§ YOUR OBJECTIVE: Within the records below, find each line with the word "penyelesaian" and copy it out.
(Beginning of SUPPLIED INFORMATION)
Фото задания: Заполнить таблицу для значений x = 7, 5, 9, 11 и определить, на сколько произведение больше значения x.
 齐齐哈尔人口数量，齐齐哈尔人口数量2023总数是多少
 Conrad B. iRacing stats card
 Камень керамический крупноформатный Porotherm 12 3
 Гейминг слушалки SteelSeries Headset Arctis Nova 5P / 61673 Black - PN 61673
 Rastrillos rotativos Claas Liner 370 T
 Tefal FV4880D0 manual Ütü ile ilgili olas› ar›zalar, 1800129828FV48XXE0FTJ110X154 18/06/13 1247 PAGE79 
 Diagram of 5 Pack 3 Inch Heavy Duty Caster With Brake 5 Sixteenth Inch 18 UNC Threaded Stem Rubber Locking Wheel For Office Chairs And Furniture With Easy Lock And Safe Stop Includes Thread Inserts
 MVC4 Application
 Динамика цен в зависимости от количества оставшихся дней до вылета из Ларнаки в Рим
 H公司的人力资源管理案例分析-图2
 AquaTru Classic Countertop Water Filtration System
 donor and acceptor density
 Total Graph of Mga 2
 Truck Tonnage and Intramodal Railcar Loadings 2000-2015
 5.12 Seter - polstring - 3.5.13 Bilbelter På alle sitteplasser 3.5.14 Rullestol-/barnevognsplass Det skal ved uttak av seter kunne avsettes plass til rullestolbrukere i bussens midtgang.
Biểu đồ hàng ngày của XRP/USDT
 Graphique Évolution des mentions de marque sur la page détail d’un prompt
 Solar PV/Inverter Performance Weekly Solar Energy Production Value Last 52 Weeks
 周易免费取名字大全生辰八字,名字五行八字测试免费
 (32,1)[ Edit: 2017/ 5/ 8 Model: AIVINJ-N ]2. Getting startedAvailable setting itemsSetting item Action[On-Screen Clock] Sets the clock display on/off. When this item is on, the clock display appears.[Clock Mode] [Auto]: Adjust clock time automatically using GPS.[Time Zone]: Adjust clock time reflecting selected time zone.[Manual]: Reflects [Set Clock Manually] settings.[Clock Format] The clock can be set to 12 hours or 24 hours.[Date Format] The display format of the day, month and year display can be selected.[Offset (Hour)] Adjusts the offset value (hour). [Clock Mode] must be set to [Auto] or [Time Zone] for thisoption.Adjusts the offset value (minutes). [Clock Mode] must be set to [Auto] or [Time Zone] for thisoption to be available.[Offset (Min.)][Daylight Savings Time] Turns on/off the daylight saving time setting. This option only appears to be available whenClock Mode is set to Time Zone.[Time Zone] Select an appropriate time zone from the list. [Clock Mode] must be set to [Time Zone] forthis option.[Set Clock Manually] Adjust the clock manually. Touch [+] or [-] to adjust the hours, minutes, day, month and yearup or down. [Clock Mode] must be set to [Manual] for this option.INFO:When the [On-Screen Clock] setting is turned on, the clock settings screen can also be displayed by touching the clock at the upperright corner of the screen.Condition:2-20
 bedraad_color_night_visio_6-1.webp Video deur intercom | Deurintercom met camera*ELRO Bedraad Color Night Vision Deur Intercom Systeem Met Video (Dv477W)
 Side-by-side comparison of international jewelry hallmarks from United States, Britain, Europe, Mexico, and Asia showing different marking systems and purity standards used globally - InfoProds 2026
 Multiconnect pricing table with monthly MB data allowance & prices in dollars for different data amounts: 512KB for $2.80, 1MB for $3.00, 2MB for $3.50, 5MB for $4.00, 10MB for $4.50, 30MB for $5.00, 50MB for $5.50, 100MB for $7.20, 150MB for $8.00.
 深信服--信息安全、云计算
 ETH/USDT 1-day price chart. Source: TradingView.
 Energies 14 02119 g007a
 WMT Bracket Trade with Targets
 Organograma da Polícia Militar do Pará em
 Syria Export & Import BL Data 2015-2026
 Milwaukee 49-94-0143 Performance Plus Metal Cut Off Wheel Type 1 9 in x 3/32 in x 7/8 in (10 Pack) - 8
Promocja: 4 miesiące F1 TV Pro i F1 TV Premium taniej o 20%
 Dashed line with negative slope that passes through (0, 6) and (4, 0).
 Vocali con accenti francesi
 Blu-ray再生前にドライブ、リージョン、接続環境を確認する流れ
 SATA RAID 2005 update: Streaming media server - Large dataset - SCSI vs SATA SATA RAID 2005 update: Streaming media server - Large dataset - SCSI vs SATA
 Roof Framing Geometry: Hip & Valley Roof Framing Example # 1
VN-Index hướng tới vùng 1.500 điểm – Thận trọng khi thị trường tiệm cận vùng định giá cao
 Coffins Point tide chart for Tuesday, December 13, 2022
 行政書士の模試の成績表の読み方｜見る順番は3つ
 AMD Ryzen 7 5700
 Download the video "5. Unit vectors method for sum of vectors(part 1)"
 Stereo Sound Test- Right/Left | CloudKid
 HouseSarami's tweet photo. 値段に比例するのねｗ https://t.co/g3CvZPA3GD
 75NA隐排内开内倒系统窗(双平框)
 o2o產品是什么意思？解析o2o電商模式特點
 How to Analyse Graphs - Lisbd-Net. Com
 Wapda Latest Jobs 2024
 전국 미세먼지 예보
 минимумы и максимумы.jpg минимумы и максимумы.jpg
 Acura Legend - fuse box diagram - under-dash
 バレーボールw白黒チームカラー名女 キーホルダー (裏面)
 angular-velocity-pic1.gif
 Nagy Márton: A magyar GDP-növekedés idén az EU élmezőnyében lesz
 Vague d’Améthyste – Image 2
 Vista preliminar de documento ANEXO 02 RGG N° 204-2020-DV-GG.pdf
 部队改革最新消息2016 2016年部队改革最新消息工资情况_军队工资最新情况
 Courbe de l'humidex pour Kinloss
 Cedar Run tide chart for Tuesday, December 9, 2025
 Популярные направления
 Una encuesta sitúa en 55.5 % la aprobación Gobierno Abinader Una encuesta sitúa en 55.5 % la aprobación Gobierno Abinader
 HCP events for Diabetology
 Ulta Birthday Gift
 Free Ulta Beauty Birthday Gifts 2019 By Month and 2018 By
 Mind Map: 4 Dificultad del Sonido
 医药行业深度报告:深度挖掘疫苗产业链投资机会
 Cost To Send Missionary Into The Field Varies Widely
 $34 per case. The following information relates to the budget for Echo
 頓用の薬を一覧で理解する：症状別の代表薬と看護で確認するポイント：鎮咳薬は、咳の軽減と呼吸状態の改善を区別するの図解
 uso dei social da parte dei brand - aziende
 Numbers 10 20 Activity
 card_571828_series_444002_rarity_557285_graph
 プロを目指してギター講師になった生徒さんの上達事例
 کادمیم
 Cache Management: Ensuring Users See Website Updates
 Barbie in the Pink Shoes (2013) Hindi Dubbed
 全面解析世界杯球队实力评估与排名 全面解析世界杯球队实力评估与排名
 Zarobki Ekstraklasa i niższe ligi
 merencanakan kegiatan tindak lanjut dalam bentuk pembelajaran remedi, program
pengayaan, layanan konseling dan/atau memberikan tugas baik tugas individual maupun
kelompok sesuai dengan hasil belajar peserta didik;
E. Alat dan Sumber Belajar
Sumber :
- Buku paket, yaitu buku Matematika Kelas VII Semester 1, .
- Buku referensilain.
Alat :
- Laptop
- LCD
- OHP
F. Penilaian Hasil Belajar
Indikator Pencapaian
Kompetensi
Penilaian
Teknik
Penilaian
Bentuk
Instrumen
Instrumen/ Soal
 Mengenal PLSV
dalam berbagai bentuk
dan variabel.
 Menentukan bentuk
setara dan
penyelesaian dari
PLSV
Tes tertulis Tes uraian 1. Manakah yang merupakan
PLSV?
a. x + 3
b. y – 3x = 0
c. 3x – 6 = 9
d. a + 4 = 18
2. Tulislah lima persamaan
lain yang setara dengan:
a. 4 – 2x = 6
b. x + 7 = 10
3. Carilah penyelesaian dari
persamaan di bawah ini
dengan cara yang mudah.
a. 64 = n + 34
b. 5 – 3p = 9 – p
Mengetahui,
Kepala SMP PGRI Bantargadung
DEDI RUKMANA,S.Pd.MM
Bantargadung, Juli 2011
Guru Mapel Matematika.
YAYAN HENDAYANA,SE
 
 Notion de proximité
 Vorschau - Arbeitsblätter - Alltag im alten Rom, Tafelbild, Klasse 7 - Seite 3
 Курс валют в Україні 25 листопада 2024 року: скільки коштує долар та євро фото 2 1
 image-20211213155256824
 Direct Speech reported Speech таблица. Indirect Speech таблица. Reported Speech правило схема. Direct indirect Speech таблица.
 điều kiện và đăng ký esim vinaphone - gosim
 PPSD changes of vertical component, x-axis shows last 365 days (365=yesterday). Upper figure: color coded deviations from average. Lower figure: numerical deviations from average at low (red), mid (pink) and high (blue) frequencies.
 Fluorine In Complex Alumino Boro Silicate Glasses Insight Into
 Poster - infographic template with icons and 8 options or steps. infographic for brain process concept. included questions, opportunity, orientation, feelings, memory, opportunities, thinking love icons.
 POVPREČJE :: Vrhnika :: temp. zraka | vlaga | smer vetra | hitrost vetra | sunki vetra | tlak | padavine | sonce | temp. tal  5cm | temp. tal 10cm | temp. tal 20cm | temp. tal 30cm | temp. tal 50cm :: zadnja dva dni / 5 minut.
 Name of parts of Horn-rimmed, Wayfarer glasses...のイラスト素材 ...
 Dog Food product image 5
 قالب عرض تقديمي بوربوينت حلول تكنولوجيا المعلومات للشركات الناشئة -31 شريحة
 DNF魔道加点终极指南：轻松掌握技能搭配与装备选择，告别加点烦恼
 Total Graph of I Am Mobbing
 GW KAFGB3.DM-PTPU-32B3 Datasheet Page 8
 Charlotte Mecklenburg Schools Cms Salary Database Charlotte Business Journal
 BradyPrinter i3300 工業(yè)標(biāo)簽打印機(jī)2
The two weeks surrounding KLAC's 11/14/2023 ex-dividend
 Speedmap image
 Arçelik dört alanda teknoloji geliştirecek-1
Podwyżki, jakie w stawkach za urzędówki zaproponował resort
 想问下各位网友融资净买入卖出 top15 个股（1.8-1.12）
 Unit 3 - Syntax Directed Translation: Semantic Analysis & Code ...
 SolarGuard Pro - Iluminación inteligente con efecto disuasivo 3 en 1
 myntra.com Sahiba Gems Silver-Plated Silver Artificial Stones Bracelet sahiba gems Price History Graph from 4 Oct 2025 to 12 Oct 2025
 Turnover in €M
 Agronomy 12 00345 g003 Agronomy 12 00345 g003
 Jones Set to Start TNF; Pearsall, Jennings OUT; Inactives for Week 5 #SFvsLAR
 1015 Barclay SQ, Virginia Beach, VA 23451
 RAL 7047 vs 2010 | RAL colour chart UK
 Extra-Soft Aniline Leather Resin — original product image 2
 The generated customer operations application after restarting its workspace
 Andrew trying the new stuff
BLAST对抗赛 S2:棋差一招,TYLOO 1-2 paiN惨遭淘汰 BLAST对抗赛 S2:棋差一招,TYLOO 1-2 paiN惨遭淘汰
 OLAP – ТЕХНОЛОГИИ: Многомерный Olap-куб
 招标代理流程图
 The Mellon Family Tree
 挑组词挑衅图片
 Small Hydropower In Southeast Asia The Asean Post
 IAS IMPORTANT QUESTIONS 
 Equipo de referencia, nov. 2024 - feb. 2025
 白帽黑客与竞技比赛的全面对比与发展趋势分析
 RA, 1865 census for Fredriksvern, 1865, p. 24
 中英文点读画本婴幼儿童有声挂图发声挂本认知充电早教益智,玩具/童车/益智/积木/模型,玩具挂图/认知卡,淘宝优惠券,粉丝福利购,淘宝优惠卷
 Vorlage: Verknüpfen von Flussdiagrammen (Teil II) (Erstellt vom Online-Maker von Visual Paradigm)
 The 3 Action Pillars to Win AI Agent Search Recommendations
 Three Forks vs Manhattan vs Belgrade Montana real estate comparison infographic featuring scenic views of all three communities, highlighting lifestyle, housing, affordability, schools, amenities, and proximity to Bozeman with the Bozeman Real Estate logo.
(End of SUPPLIED INFORMATION)
§ OUTPUT FOR THIS EXERCISE:
penyelesaian dari
3. Carilah penyelesaian dari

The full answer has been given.